**Data for this exercise**.
+ + +
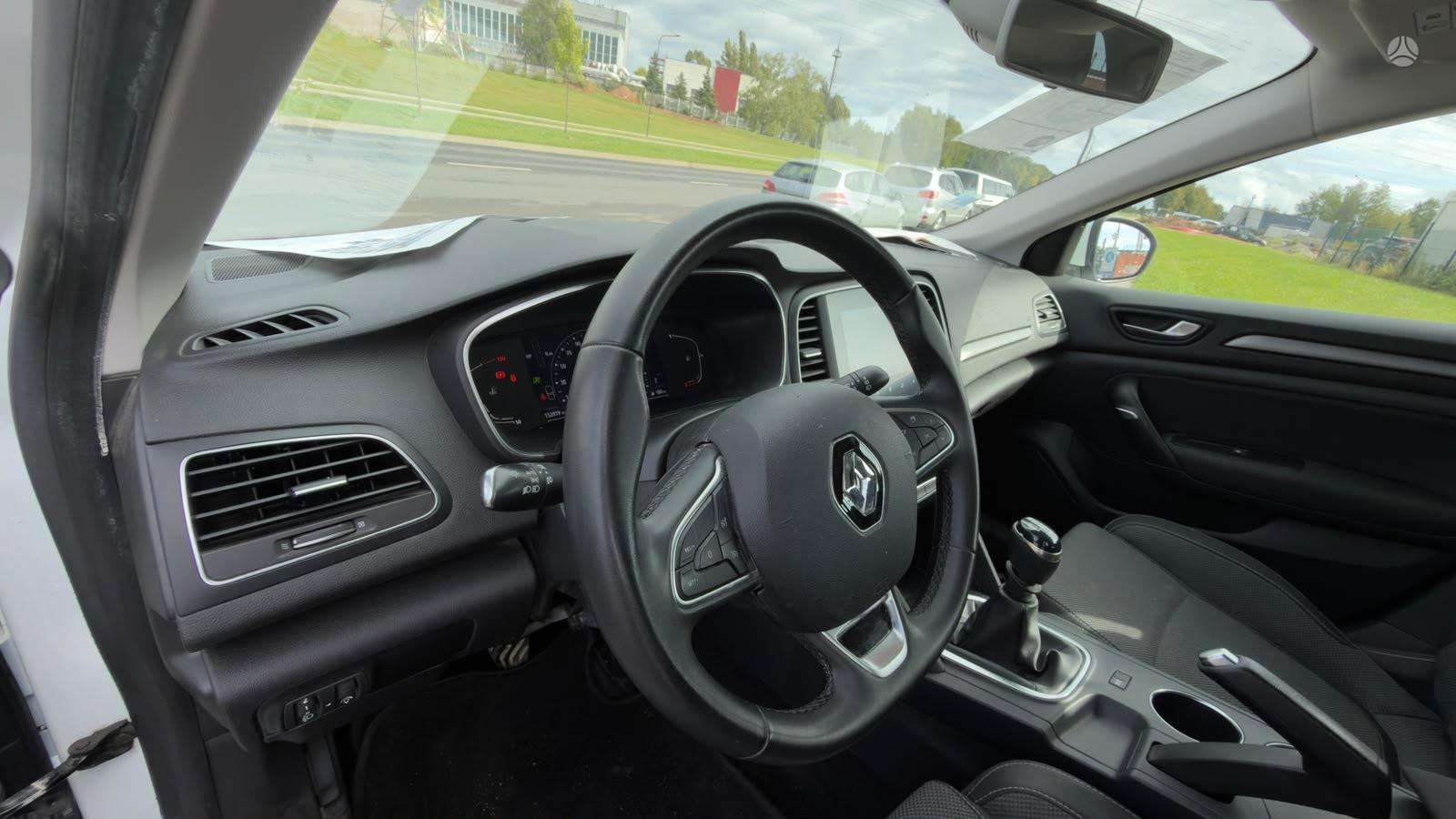 Renault Megane фото 11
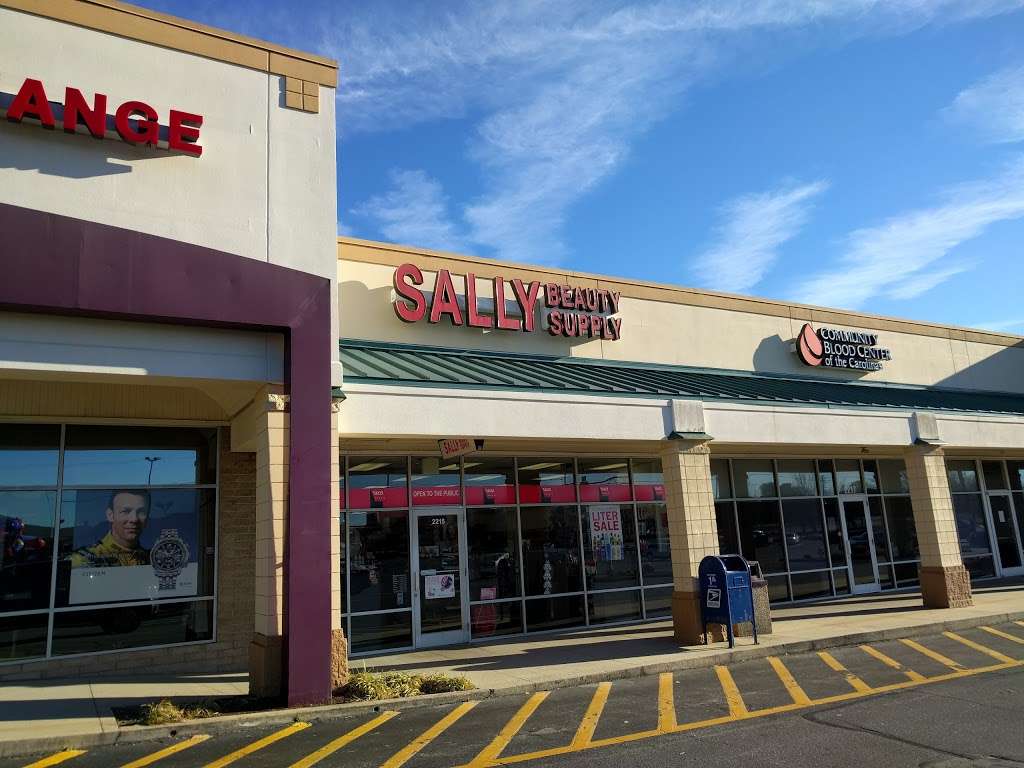 Sally Beauty | 2215 US Hwy 70 SE, Hickory, NC 28602, USA | Phone: (828) 328-1815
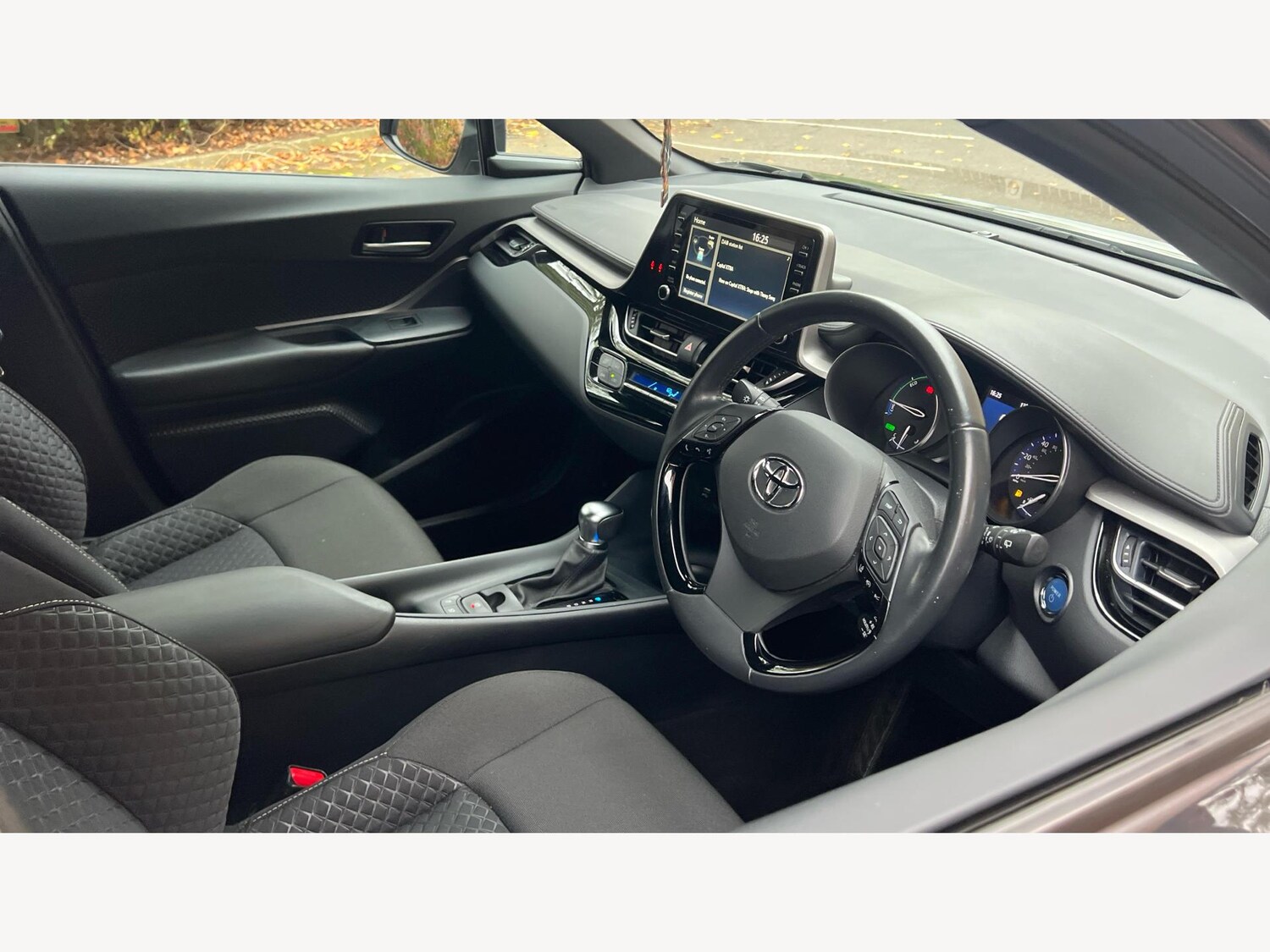 Used Toyota C-HR 2022 for sale - 76432964: Photo 13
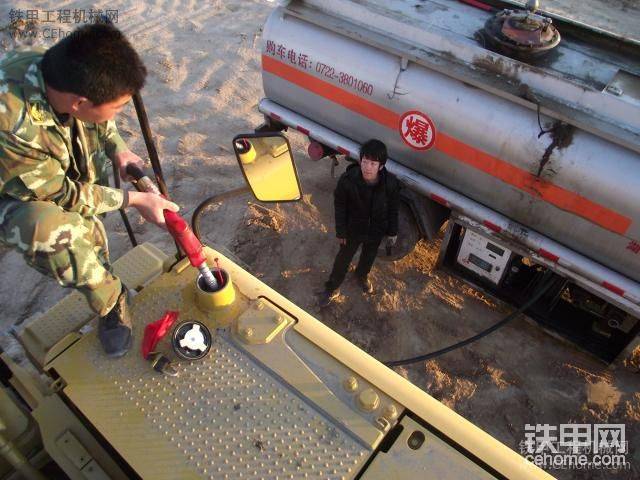 加油車注油中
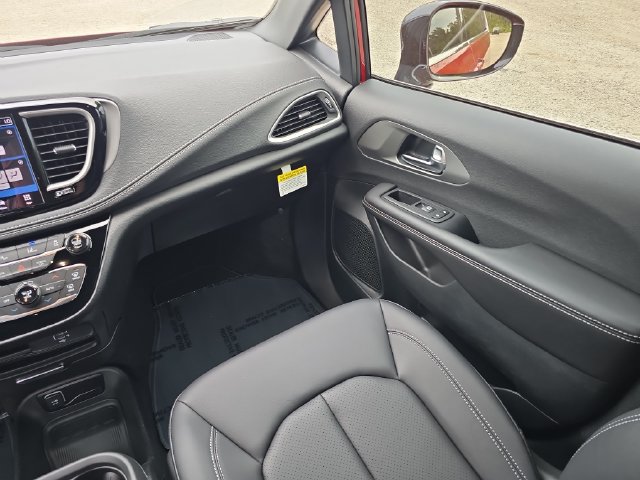 New 2027 Chrysler Pacifica Select FWD image 12
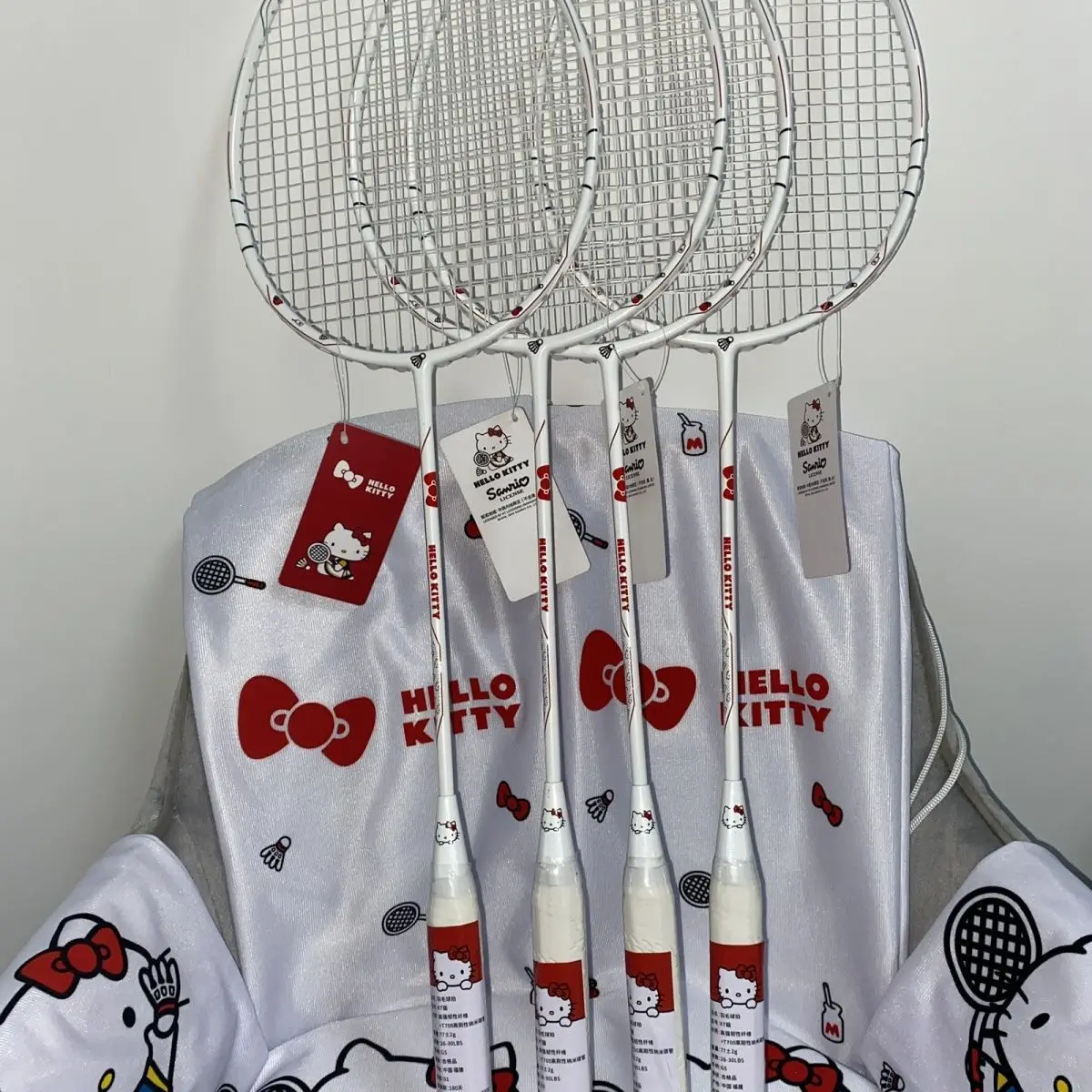 Animation peripheral Hello Kitty Hello Kitty badminton
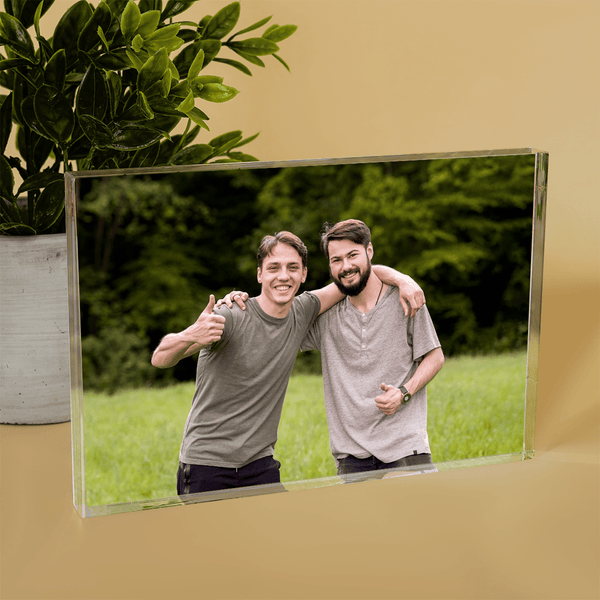 Bild von Freunden - Druck auf Glas, personalisiertes Geschenk für Freund - Adamell.de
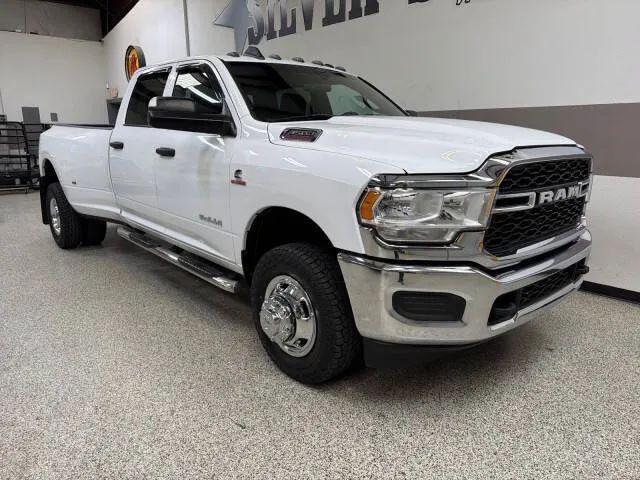 2022 Ram 3500 Tradesman Crew Cab 4x4 8' Box
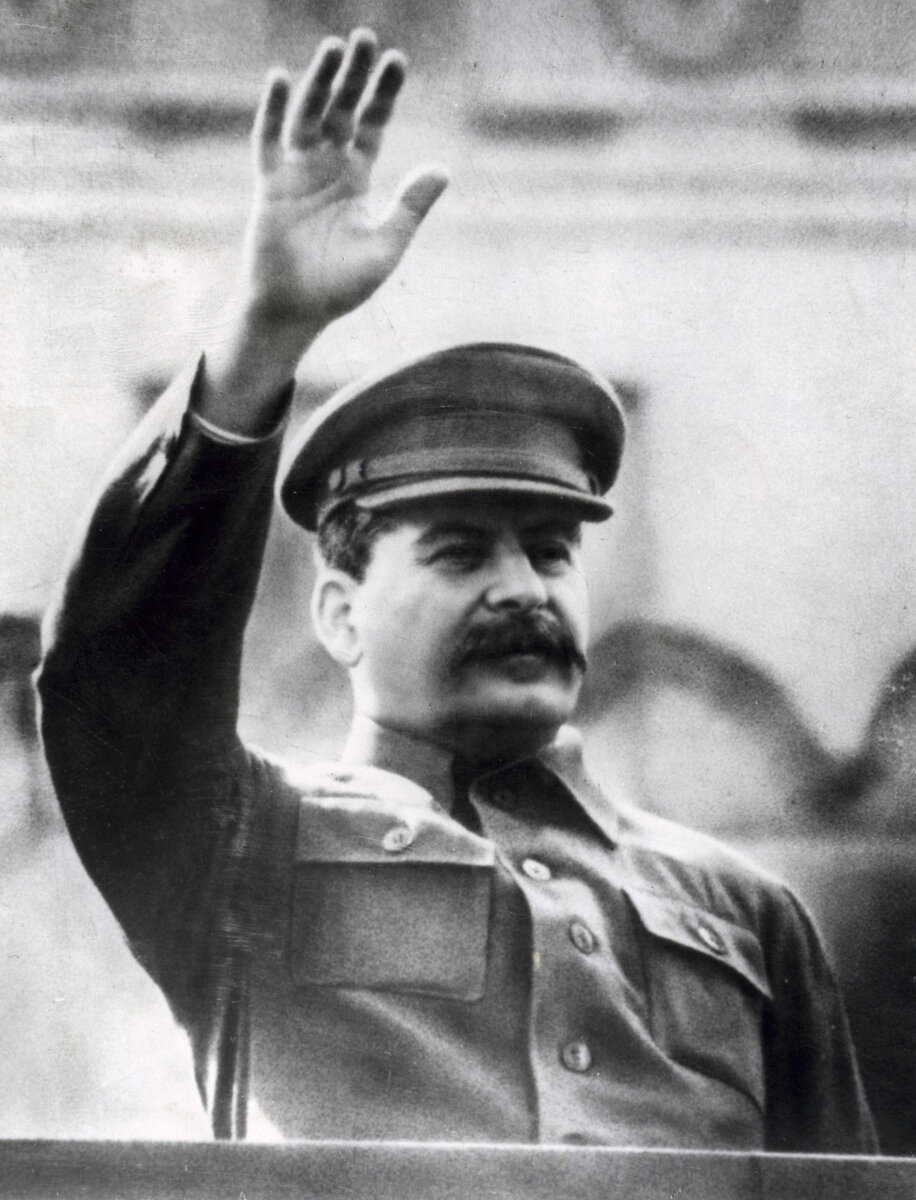 Иосиф Сталин. Источник фото: https://maxpark.com/community/129/content/6084773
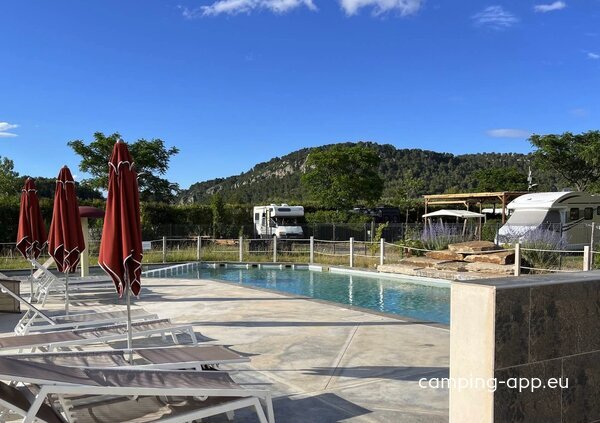 Flower Camping de l’Olivigne ****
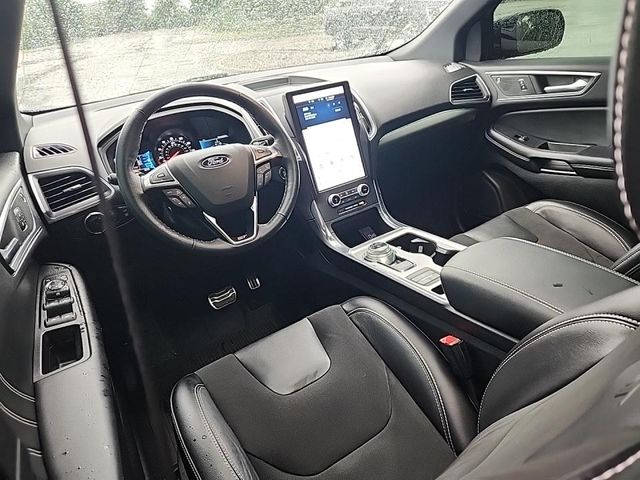 2022 Ford Edge ST photo 4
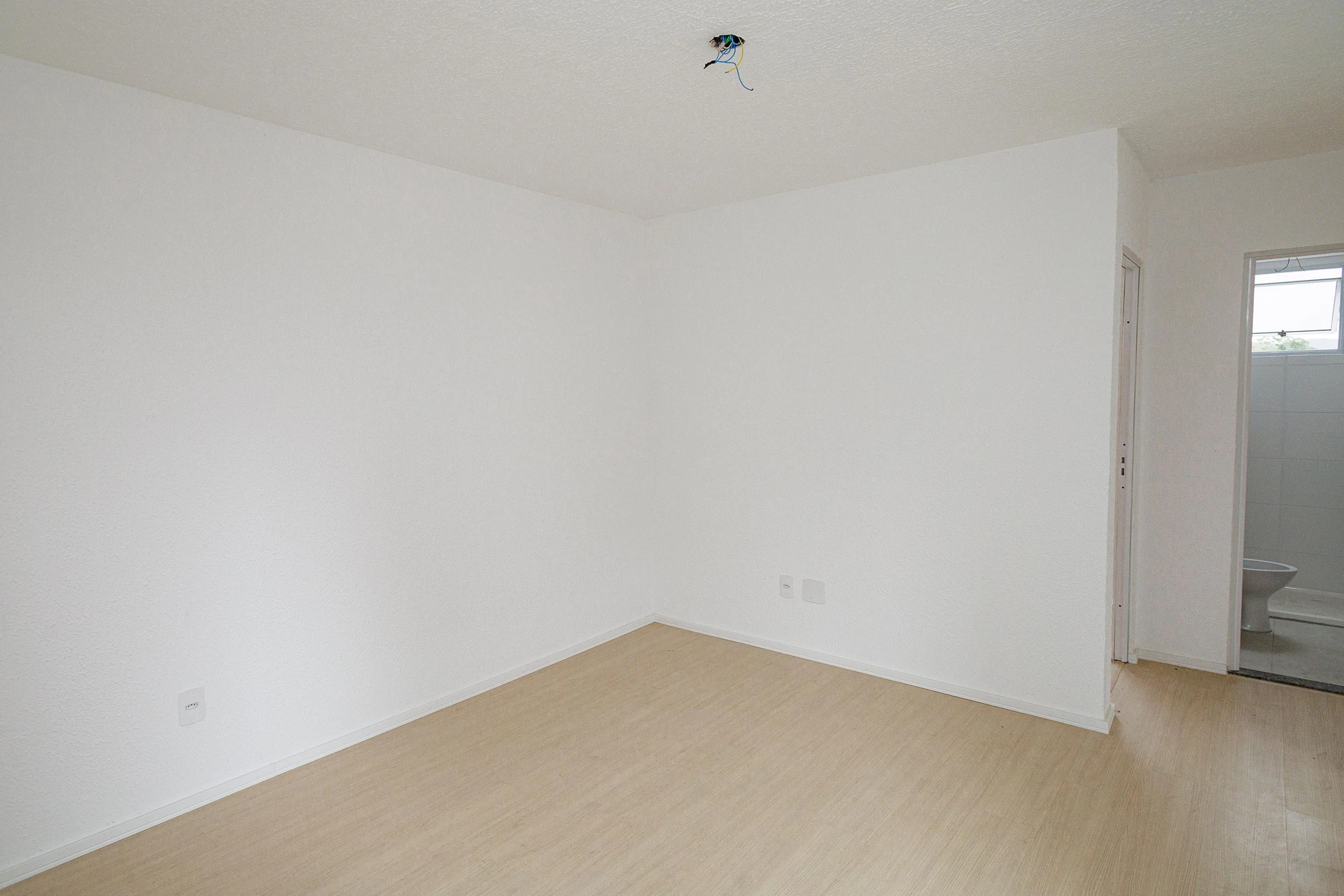 Rental apartment with 2 bedrooms and 1 bathroom — photo 12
+ + +
Although the records above contain pictures, your copy should give only their text, exactly as written.

 Renault Megane фото 11
 Sally Beauty | 2215 US Hwy 70 SE, Hickory, NC 28602, USA | Phone: (828) 328-1815
 Used Toyota C-HR 2022 for sale - 76432964: Photo 13
 加油車注油中
 New 2027 Chrysler Pacifica Select FWD image 12
 Animation peripheral Hello Kitty Hello Kitty badminton
 Bild von Freunden - Druck auf Glas, personalisiertes Geschenk für Freund - Adamell.de
 2022 Ram 3500 Tradesman Crew Cab 4x4 8' Box
 Иосиф Сталин. Источник фото: https://maxpark.com/community/129/content/6084773
 Flower Camping de l’Olivigne ****
 2022 Ford Edge ST photo 4
 Rental apartment with 2 bedrooms and 1 bathroom — photo 12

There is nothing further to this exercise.